This note was originally published at 8am on June 04, 2015 for Hedgeye subscribers.

“Above all else, I want you to think for yourself to decide: 1) what you want, 2) what is true and 3) what to do about it.”

-Ray Dalio

If you’re reading this note, you are undoubtedly familiar with Ray Dalio and more than likely familiar with his book Principles. In that book, he details three things:

  1. The importance of having principles;
  2. His life principles; and
  3. How he applies those principles to managing Bridgewater, the world’s largest hedge fund.

While Keith would be the first to tell you that he’s no Ray Dalio, we are also big on principles at Hedgeye.

From a philosophical perspective:

  1. Transparency: “No banking” means you don’t ever have to worry about what we really think about a specific security or economy. We aren’t trying to sell you anything but our research views.
  2. Accountability: “No asset management” means we don’t earn a management fee. We only get paid when we add value to our customers’ research processes.
  3. Trust: “No broker-dealer” means you don’t ever have to worry about us front-running your order flow – or worse…

From a research perspective:

  1. History: For every indicator we come across, we strive to analyze as much historical data as we can, across cycles, in order to identify or dispel the existence of critical mean reversion thresholds.
  2. Math: Core to our process is an overt focus on rate-of-change, which is derived from a well-researched view that market participants react to incremental developments, rather than to absolute states. As such, we employ basic differential calculus methods to project accelerations, decelerations and inflections in growth rates.
  3. Behavioral Psychology: We believe there is a considerable degree of actionable information to be derived from market prices and that contextualizing investor sentiment and positioning is critical to immediate-term risk management. Moreover, we believe the supply/demand narrative surrounding any asset is heavily influenced by its own price trends.

Back to the Global Macro Grind

Q: What [do] you want?

A: We want to determine whether or not this trending back-up in rates from the JAN 30th lows is a signal for us to: A) abandon our lower-for-longer thesis or B) double-down on said view.

Q: What is true?

A: Supportive of option “A” is 1) the recovery in Eurozone inflation expectations and 2) the recent breakdown in domestic fixed income, credit and equity income plays within our Tactical Asset Class Rotation Model.

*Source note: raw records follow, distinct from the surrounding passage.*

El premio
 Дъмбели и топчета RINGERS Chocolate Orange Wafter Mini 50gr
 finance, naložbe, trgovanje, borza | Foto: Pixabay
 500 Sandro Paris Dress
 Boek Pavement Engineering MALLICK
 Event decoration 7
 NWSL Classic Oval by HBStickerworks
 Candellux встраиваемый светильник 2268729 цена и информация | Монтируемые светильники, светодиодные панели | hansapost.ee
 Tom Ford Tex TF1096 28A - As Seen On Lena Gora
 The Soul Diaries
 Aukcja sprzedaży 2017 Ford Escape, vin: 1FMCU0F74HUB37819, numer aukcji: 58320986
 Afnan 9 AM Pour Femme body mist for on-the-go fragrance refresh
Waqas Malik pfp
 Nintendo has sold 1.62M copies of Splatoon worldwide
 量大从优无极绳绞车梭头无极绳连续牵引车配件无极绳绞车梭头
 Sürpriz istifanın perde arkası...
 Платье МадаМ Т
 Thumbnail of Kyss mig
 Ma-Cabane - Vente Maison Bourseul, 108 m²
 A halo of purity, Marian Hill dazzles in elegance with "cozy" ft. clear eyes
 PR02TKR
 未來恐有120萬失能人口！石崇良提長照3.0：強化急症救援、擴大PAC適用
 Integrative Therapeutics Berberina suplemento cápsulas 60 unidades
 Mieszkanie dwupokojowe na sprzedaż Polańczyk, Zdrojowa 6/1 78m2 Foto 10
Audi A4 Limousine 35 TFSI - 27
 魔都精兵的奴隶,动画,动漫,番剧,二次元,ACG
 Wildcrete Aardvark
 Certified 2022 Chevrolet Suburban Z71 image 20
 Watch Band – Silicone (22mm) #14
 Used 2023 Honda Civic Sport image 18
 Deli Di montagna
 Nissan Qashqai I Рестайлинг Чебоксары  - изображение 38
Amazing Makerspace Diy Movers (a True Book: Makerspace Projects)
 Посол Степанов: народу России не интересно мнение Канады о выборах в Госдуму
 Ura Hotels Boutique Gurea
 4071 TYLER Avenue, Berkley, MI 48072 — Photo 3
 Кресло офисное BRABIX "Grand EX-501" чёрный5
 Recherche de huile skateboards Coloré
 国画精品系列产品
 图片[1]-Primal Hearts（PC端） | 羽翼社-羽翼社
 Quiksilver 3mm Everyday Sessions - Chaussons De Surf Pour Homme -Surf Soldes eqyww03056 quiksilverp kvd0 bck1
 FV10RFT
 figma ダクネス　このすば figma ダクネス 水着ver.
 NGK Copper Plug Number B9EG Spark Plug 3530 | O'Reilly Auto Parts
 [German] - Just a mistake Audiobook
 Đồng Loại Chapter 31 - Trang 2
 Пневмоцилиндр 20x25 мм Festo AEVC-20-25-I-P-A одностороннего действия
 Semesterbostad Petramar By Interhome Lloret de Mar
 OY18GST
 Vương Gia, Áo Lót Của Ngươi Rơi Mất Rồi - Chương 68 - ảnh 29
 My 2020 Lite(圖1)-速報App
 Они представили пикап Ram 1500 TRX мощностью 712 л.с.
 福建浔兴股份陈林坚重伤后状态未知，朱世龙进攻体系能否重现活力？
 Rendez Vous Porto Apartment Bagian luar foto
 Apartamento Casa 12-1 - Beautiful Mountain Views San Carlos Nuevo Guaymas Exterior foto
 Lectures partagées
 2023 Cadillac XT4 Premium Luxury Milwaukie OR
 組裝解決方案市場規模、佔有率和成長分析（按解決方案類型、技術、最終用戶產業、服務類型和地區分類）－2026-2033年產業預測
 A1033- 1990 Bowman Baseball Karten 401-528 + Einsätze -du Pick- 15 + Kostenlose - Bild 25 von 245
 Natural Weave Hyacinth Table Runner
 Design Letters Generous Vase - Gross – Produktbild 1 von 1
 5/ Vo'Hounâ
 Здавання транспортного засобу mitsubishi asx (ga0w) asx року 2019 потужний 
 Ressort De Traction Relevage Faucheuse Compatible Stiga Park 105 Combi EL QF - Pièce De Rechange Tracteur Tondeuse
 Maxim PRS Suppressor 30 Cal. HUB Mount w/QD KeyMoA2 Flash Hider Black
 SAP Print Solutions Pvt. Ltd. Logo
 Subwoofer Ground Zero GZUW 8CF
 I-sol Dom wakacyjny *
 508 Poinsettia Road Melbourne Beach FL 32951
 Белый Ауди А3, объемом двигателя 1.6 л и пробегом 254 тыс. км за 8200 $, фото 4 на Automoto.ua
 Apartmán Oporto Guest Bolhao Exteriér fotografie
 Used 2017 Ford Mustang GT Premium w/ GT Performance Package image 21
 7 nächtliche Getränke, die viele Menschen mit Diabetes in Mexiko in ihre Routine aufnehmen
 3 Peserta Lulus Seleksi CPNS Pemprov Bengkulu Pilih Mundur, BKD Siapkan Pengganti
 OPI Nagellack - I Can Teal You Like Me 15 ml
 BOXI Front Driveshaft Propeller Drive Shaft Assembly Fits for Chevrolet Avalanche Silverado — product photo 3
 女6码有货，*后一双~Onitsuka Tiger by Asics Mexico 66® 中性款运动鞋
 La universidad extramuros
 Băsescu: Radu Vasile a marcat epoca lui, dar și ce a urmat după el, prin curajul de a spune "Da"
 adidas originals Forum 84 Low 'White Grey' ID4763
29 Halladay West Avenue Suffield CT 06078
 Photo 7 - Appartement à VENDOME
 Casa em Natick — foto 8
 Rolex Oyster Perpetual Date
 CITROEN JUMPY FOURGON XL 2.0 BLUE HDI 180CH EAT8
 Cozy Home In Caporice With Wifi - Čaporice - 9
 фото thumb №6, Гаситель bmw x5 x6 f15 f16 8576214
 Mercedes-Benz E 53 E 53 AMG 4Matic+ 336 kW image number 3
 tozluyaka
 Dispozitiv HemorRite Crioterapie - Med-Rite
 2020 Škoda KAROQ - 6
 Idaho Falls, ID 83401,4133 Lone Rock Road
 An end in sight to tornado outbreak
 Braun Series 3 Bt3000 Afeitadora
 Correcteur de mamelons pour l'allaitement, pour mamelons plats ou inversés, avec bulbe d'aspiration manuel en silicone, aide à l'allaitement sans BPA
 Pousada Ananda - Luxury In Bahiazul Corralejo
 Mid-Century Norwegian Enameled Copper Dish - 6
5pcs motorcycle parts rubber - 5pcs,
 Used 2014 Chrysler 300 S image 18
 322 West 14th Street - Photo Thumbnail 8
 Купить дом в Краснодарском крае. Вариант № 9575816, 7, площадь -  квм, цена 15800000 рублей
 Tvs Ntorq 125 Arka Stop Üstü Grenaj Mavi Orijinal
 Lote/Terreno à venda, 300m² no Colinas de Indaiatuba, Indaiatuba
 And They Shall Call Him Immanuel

Supportive of option “B” is 3) a likely trending deceleration in U.S. economic growth into a likely recession in CY16, 4) secular stagnation brought on by widely misunderstood demographic changes in both the domestic and global economies and 5) a trending material deceleration in global economic growth

Addressing those factors in order:

  1. Eurozone CPI accelerated to +0.3% YoY in MAY from 0.0% prior and continues to accelerate on both a sequential and trending basis. Eurozone Core CPI accelerated to +0.9% YoY in MAY from +0.6% prior and is now accelerating on a sequential and trending basis. Moreover, our predictive tracking algorithm has reported inflation in the Eurozone accelerating through the balance of 2015. In light of these developments, it’s no surprise to see that Germany’s 5Y breakeven rate (as a proxy for Eurozone inflation expectations) has backed up +107bps from its JAN 13th low to the current 0.81% – with +38bps of that delta coming in the last week alone!
  2. Without running the risk of boring you with the details of how TACRM is constructed, it’s worth noting that the model issued a “DECREASE Exposure” signal for the “Domestic Fixed Income, Credit and Equity Income Plays” primary asset class during the week-ended MAY 8th. Since then, the Bloomberg U.S. Treasury Bond 10+ Year Index has declined -3.4%, extending its YTD decline to -5.0%. From a bottom-up perspective, the eight factor exposures (out of ~200) exhibiting the greatest degree of negative VWAP momentum across multiple durations on a marginal basis are explicit bets on lower interest rates: AGG, LQD, BND, FLAT, TLT, BNDX, ZROZ and EDV. Conversely, the three factor exposures exhibiting the greatest degree of positive VWAP momentum across multiple durations on a marginal basis are explicit bets on higher interest rates: KRE, STPP and IAI.
  3. We discussed this thesis in great detail in a note earlier this week (CLICK HERE to review).
  4. Ditto.
  5. Keith and I make a point to visit each of our top customers at least ~1x/quarter. That adds up to a lot of meetings over the course of a year and a lot of travel all across the country and globe (e.g. we’re in CA next week and in London the following week after having done Chicago, Boston, NYC, Greenwich and Kansas City in the past three). The point I’m making is that we hear the perspectives of all types of investors and can readily glean when a view is becoming consensus on the buyside. Currently, one of those consensus views is an assertion that global growth is accelerating and/or poised to accelerate.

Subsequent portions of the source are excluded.